In connection with the execution of the Loan Agreement, Mtron also entered into a Cash Collateral Agreement (the "Cash Collateral Agreement) with the Bank and delivered a Revolving Promissory Note (the "Revolving Promissory Note") in the principal amount of $3,000,000 to the Bank. The Cash Collateral Agreement provides that the Bank will hold the deposit collateral in a non-interest bearing deposit account.  Provided that Mtron is not in default of any of its obligations under the Loan Agreement, Revolving Promissory Note or the Cash Collateral Agreement, the funds deposited by Mtron under the Cash Collateral Agreement are available for use by Mtron, except that the Bank is not obligated to make disbursements to Mtron if the balance of the deposited funds would be less than the outstanding principal amount under the Revolving Promissory Note.
Under the terms of the Loan Agreement and the Revolving Promissory Note, Mtron may make borrowings under the Revolving Loan until September 30, 2016, unless the term of the Revolving Promissory Note is extended.
The Loan Agreement, Revolving Promissory Note and Cash Collateral Agreement provide for customary events of default including but not limited to payment defaults, breach of other obligations under the Loan Agreement, Revolving Promissory Note and Cash Collateral Agreement, bankruptcy or insolvency, material default with respect to any obligation owed to the Bank and default with respect to other material indebtedness.

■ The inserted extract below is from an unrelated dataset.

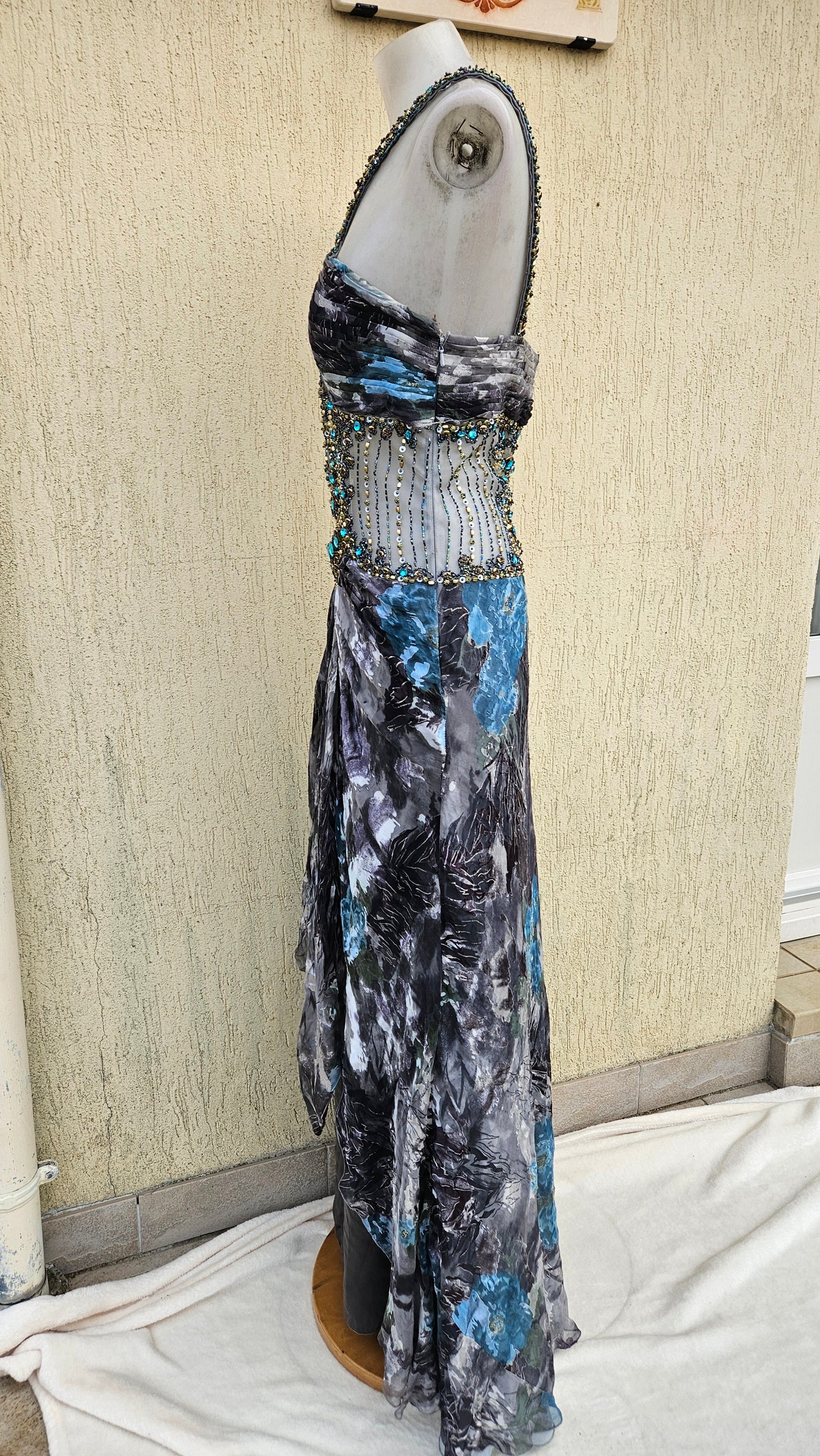 Embroidered silk dress in shades of blue and grey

The foregoing descriptions of the Loan Agreement, the Revolving Promissory Note and the Cash Collateral Agreement are not complete and are qualified in their entirety by reference to the full text of such documents, which are filed herewith as Exhibits 10.1, 10.2 and 10.3, respectively, and incorporated herein by reference.

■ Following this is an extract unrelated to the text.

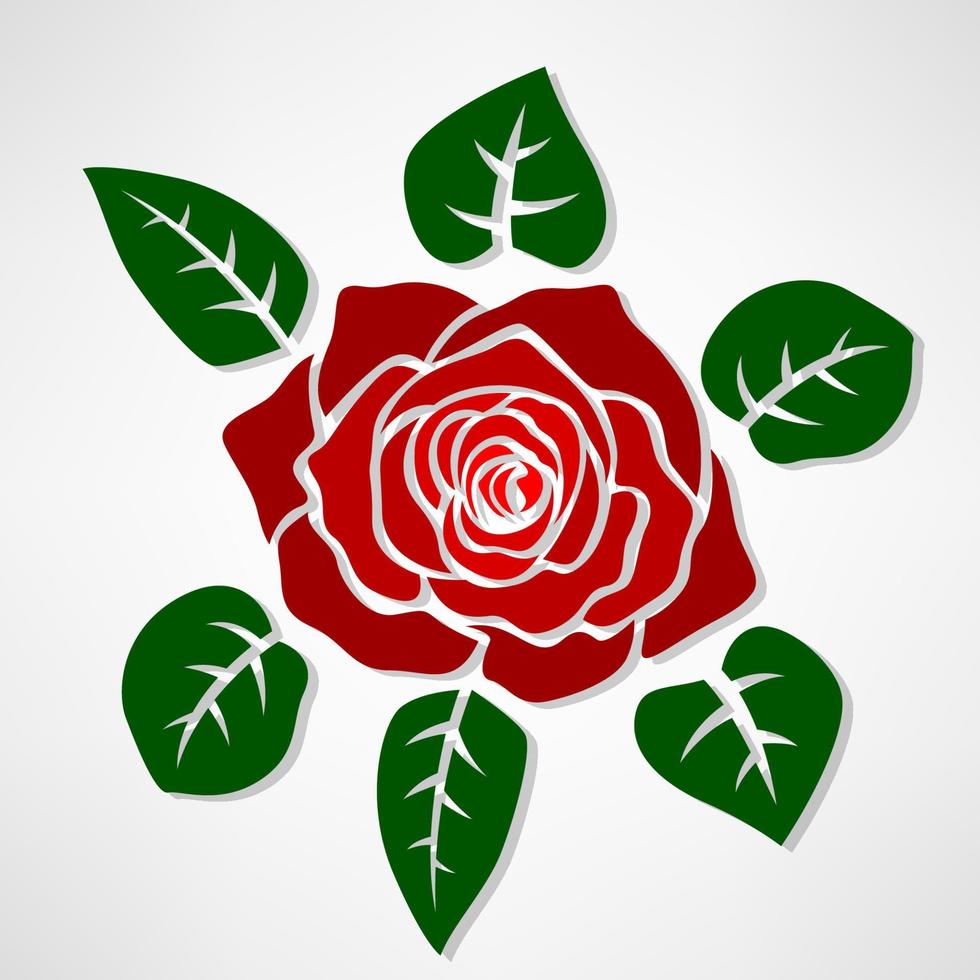 rot Rose Symbol Konzept, Vektor Illustration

Item 2.03.                          Creation of a Direct Financial Obligation or an Obligation under an Off-  Balance Sheet Arrangement of a Registrant.
The information set forth in Item 1.01 is incorporated by reference into this Item 2.03.

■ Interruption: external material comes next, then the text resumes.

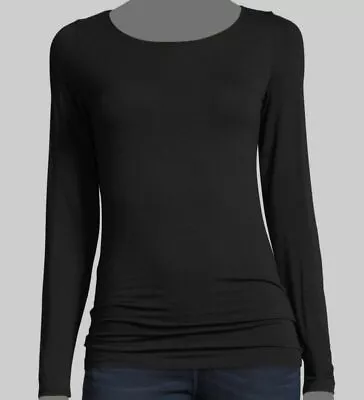 $133 Majestic Paris Women's Black Soft Touch Marrow-Edge Long-Sleeve Top Size 3 • $42.38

Item 9.01.                          Financial Statements and Exhibits.
(d)            Exhibits
Exhibit No.
Description
10.1
Loan Agreement, dated September 30, 2014, by and between M-tron Industries, Inc., and City National Bank of Florida.
10.2
Revolving Promissory Note, dated September 30, 2014, by and between M-tron Industries, Inc., and City National Bank of Florida.
10.3
Cash Collateral Agreement, dated September 30, 2014, by and between M-tron Industries, Inc., and City National Bank of Florida.





SIGNATURE
Pursuant to the requirements of the Securities Exchange Act of 1934, the registrant has duly caused this report to be signed on its behalf by the undersigned hereunto duly authorized.

October 2, 2014
THE LGL GROUP, INC.
By:
/s/ R. LaDuane Clifton
Name:
R. LaDuane Clifton
Title:
Chief Financial Officer








EXHIBIT INDEX
Exhibit No.
Description
10.1
Loan Agreement, dated September 30, 2014, by and between M-tron Industries, Inc., and City National Bank of Florida.
10.2
Revolving Promissory Note, dated September 30, 2014, by and between M-tron Industries, Inc., and City National Bank of Florida.
10.3
Cash Collateral Agreement, dated September 30, 2014, by and between M-tron Industries, Inc., and City National Bank of Florida.